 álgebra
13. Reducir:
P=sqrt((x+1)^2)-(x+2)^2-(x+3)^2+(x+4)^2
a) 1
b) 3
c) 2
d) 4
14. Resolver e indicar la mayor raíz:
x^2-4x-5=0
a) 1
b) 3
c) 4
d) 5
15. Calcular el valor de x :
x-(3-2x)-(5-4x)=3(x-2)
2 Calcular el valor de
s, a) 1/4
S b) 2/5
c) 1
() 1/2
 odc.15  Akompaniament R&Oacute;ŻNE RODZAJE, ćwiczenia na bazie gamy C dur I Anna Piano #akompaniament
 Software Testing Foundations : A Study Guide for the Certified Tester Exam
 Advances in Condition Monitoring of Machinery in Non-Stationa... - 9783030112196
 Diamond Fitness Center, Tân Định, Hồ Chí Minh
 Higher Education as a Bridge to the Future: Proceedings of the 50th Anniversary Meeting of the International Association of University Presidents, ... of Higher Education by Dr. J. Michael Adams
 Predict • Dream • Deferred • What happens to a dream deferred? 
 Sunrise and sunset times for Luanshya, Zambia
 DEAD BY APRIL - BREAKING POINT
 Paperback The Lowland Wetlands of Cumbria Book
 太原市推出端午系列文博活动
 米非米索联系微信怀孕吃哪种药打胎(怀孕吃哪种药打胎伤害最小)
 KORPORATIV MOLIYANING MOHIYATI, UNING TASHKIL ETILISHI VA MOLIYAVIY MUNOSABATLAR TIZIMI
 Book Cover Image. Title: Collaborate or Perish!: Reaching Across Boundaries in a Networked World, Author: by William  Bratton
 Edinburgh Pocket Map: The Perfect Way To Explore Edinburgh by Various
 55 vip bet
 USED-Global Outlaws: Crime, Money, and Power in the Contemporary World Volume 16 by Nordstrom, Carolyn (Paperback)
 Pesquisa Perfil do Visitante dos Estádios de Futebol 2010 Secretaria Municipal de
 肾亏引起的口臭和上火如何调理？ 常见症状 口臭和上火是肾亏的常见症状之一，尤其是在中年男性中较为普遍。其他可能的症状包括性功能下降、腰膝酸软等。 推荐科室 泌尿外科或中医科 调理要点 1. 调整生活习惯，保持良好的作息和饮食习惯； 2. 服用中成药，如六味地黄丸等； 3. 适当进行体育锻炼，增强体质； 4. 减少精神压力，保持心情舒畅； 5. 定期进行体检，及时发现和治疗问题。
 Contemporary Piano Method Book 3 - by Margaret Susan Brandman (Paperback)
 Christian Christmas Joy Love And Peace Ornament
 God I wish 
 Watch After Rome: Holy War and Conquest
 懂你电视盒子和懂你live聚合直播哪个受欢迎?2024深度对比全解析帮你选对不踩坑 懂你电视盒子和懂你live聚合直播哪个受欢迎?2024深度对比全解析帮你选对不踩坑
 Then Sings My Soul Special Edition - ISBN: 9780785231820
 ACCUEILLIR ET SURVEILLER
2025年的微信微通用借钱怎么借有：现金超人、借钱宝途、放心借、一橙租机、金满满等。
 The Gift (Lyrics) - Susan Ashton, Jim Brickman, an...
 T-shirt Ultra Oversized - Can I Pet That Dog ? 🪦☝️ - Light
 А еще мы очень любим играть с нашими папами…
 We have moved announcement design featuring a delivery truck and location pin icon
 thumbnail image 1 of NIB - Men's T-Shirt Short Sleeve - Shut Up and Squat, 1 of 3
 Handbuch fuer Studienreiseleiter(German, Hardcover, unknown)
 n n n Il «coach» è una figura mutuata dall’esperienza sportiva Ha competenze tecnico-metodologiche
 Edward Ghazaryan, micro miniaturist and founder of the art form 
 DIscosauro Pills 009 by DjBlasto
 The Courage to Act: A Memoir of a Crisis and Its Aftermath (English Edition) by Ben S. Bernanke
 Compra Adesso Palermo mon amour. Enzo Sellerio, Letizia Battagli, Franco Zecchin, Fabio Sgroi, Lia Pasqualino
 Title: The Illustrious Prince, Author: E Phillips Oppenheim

· · · · · · ·

Please output the lines of the listing above that fall in the stretch from the one with "Ha competenze tecnico-metodologiche" through the one with "DIscosauro Pills 009 by DjBlasto", exactly and only those.

→ Solution for this task:
 n n n Il «coach» è una figura mutuata dall’esperienza sportiva Ha competenze tecnico-metodologiche
 Edward Ghazaryan, micro miniaturist and founder of the art form 
 DIscosauro Pills 009 by DjBlasto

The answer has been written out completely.